Zełenski – rosja zabiła u nas już 97 dzieci, a Nestle nadal z nimi handluje
Wiele światowych firm nie opuściło jeszcze rosyjskiego rynku – powiedział Prezydent Ukrainy Wołodymyr Zełenski na Joint Expeditionary Force, donosi Ukrinform.
„Wiele światowych firm nie opuściło jeszcze rosyjskiego rynku, chociaż nałożono poważne sankcje. A wy znacie te marki. Wiemy o tym więcej, bo codziennie mamy wojnę i obserwujemy, jak to pracuje (presja sankcji – przyp. ) Bardzo ważne jest, jak faktycznie działają silne sankcje nałożone przez kraje” – powiedział Zełenski.
Prezydent podkreślił, że niektóre firmy, które zapowiedziały wycofanie się z rosyjskiego rynku, tak naprawdę czekają tylko czym to się skończy i kiedy będzie można wrócić na rosyjski rynek.
„Dzisiaj zginęło 97 dzieci. Nestle nadal tam handluje, nie liczą ile miast zostało zniszczonych rakietami, artylerią. Philip Morris nadal zarabia. Oni nie zwracają uwagi na ponad 800 rosyjskich rakiet, to są oficjalne dane, które już uderzyły w Ukrainę. Raiffeisen i inne banki pracują pieniędzmi, które są we krwi” - powiedział Zełenski.
Według niego firmy, które ogłosiły rzekome wycofanie się z Rosji, nie zwalniają pracowników.
Wszystko to, zdaniem Zełenskiego, świadczy o oszustwie Ukrainy.
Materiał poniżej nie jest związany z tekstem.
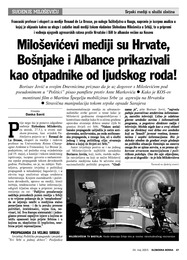 Miloševićevi mediji su Hrvate, Bošnjake i Albance prikazivali kao otpadnike od ljudskog roda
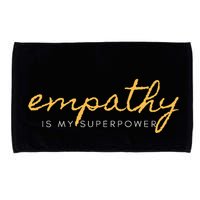 Psychic Empath Empathy Is My Superpower Compassion Chakra Microfiber Hand Towel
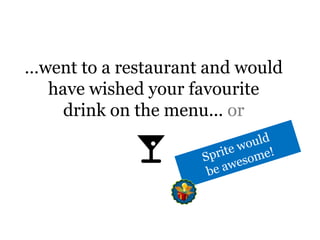 …went to a restaurant and would have wished your favourite drink on the menu... orSprite would be awesome!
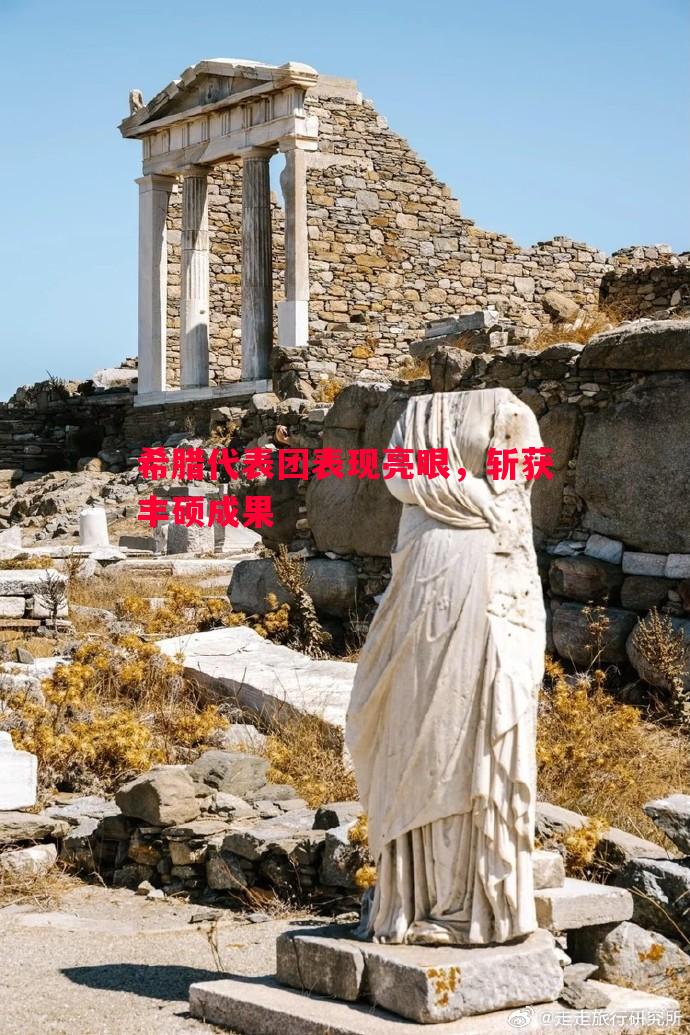 希腊代表团表现亮眼，斩获丰硕成果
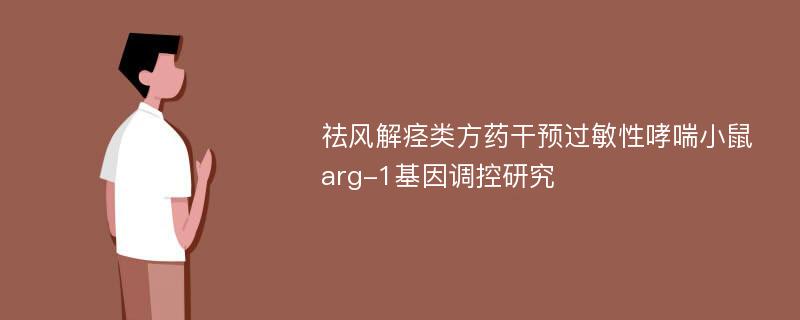 祛风解痉类方药干预过敏性哮喘小鼠arg-1基因调控研究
„Więc szczerze mówiąc, nie widzę nikogo, kto mógłby nam pomóc. Nie mamy dziś żadnego międzynarodowego wpływu na korporacje. Jeśli ignorują krew, świat nie może nic zrobić, gdy właśnie trwa najgorsza wojna od czasów II wojny światowej” – powiedział prezydent.
Wg danych z 14 marca 209 firm zachodnich całkowicie wycofało się z rynku rosyjskiego i przestało współpracować z rosyjskimi partnerami, a 378 częściowo ograniczyło swoją działalność.
Wojna z rosyjskimi najeźdźcami trwa na Ukrainie od 24 lutego.